# Task to carry out:
Repeat exactly the lines of the entries below from the one with "HILO NYLON KALI BLANC 100m 0,35mm 7,2Kg HILO" through the one with "YESIDO EP06 Copii", both ends included, and nothing else.

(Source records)
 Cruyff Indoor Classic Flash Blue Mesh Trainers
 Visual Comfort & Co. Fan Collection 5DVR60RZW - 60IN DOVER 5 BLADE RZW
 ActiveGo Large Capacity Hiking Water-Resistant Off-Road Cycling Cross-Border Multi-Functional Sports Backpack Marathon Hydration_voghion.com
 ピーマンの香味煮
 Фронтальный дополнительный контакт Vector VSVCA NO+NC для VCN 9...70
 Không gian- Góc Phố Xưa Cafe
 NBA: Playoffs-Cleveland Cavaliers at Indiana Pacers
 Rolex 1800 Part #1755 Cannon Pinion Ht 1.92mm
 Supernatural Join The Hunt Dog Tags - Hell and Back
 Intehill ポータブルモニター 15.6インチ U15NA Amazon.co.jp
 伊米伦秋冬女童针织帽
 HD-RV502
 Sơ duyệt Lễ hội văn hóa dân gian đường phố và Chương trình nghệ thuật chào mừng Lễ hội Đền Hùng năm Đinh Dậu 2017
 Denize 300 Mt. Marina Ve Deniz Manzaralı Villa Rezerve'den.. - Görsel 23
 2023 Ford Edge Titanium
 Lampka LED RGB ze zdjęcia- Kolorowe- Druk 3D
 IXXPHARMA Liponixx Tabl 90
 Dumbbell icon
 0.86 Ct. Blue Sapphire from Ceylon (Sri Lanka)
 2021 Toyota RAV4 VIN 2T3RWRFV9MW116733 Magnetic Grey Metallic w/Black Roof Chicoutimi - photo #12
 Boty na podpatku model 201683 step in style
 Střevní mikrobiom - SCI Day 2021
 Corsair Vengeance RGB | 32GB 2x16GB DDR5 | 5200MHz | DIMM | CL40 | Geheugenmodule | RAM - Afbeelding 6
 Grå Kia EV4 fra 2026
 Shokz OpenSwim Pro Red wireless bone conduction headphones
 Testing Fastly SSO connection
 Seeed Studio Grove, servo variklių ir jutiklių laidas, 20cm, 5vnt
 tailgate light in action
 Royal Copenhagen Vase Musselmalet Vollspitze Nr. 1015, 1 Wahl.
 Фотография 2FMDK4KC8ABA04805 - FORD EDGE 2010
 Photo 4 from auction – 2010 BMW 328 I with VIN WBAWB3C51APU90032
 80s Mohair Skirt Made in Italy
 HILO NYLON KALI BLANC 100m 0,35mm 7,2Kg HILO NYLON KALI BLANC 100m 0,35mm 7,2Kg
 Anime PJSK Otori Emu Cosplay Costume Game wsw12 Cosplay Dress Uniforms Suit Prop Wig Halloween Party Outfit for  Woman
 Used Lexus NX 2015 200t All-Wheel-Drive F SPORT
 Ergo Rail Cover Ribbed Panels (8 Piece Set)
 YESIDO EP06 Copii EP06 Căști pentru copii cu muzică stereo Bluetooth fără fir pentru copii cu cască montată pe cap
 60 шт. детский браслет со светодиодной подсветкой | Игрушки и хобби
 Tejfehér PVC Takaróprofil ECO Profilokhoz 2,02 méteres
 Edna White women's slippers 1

# Reply:
 HILO NYLON KALI BLANC 100m 0,35mm 7,2Kg HILO NYLON KALI BLANC 100m 0,35mm 7,2Kg
 Anime PJSK Otori Emu Cosplay Costume Game wsw12 Cosplay Dress Uniforms Suit Prop Wig Halloween Party Outfit for  Woman
 Used Lexus NX 2015 200t All-Wheel-Drive F SPORT
 Ergo Rail Cover Ribbed Panels (8 Piece Set)
 YESIDO EP06 Copii EP06 Căști pentru copii cu muzică stereo Bluetooth fără fir pentru copii cu cască montată pe cap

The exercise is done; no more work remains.